■ RECORD SET:
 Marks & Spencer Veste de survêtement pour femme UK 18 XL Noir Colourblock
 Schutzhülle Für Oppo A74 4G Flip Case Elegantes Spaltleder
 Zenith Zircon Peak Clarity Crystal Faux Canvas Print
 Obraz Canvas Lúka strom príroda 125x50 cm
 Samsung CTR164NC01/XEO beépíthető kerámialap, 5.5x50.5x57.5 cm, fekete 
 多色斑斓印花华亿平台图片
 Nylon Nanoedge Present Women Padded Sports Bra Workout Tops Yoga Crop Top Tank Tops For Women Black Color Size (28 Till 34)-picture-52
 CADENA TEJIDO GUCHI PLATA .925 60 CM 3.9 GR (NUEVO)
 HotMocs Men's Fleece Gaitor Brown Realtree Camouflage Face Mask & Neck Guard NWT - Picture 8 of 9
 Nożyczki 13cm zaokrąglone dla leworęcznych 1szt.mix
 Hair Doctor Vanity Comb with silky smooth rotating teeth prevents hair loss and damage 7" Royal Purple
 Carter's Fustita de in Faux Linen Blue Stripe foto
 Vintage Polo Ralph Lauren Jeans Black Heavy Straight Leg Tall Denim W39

■ YOUR TASK: Nothing should be returned except the lines from the one containing "Zenith Zircon Peak" through the last line of the data, each restated word for word.

■ RESULT OF THE TASK:
 Zenith Zircon Peak Clarity Crystal Faux Canvas Print
 Obraz Canvas Lúka strom príroda 125x50 cm
 Samsung CTR164NC01/XEO beépíthető kerámialap, 5.5x50.5x57.5 cm, fekete 
 多色斑斓印花华亿平台图片
 Nylon Nanoedge Present Women Padded Sports Bra Workout Tops Yoga Crop Top Tank Tops For Women Black Color Size (28 Till 34)-picture-52
 CADENA TEJIDO GUCHI PLATA .925 60 CM 3.9 GR (NUEVO)
 HotMocs Men's Fleece Gaitor Brown Realtree Camouflage Face Mask & Neck Guard NWT - Picture 8 of 9
 Nożyczki 13cm zaokrąglone dla leworęcznych 1szt.mix
 Hair Doctor Vanity Comb with silky smooth rotating teeth prevents hair loss and damage 7" Royal Purple
 Carter's Fustita de in Faux Linen Blue Stripe foto
 Vintage Polo Ralph Lauren Jeans Black Heavy Straight Leg Tall Denim W39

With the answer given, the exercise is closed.